## Problem to solve
In the entries that follow, find the line containing "Marking Criteria - Composition, Summary, Literature" and the line containing "Previous Page - Cadillac", then copy exactly everything from the first through the second except the pictures.

## Records

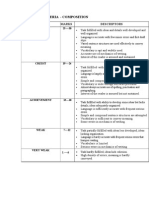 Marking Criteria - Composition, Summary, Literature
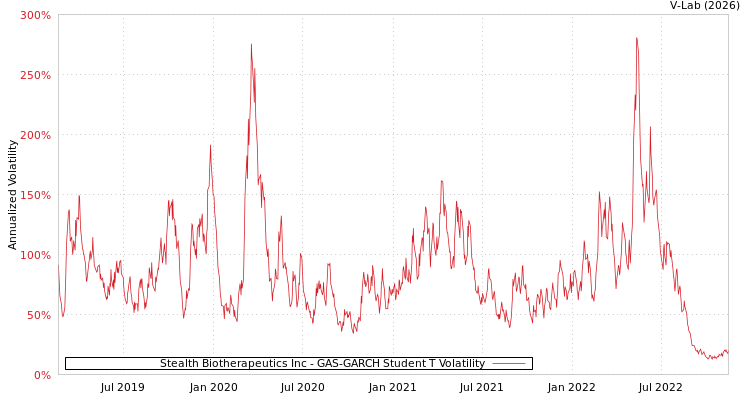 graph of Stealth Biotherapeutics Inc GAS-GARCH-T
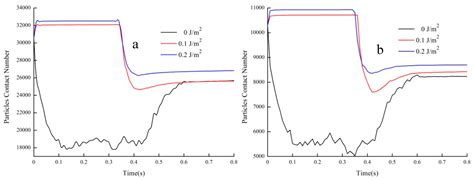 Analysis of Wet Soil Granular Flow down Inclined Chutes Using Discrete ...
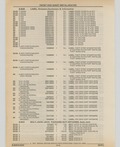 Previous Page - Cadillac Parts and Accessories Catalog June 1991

---

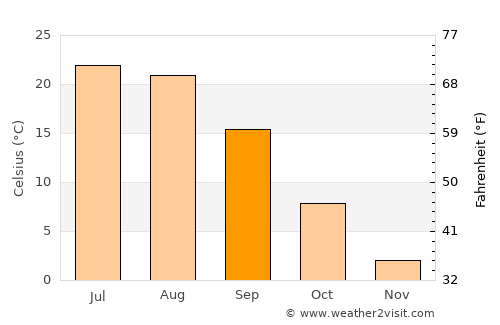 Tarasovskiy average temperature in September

==

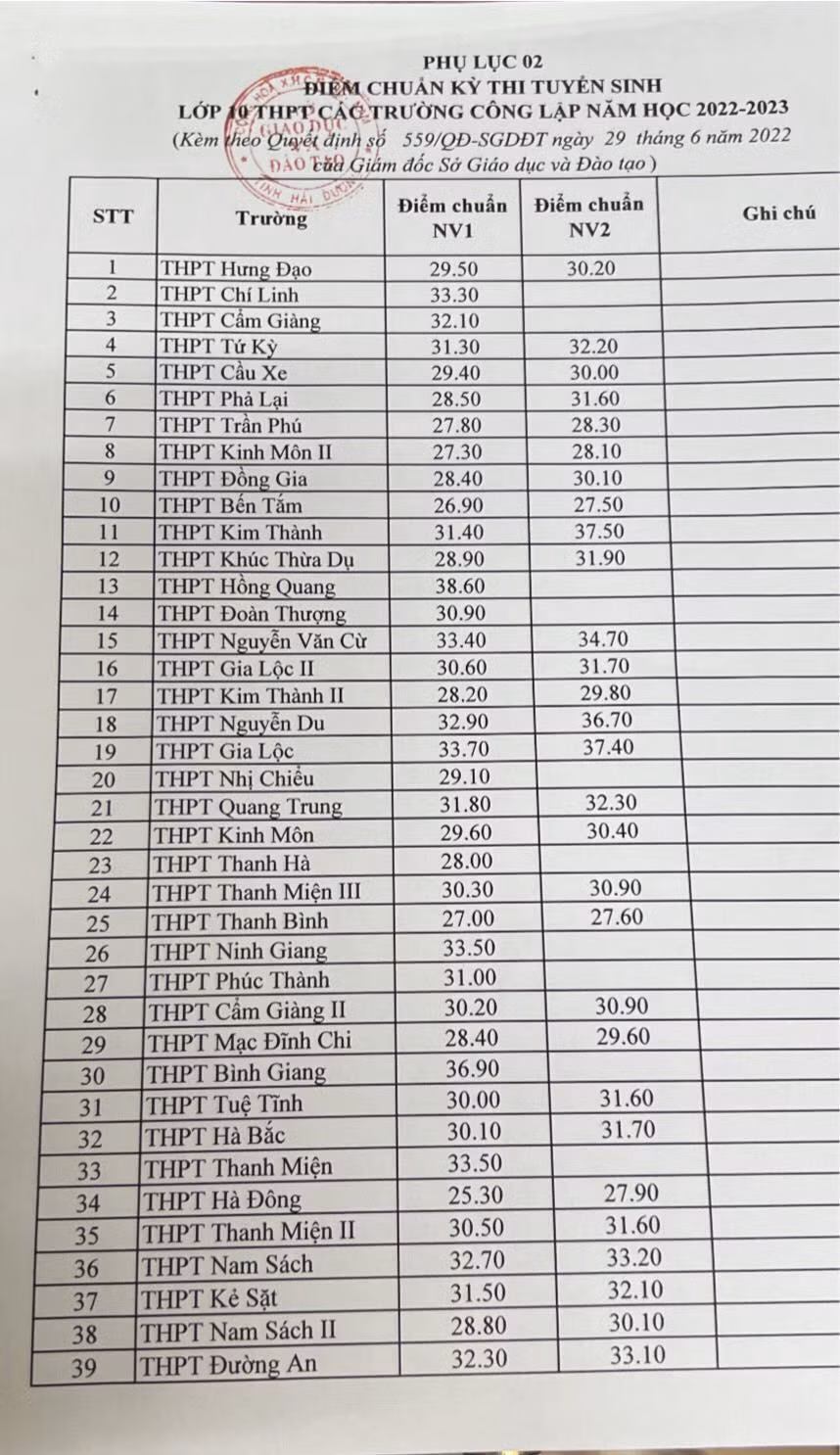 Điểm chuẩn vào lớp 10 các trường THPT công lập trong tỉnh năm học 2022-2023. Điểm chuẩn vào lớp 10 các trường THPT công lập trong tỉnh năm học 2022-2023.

## Solution for this task
 Marking Criteria - Composition, Summary, Literature
 graph of Stealth Biotherapeutics Inc GAS-GARCH-T
 Analysis of Wet Soil Granular Flow down Inclined Chutes Using Discrete ...
 Previous Page - Cadillac Parts and Accessories Catalog June 1991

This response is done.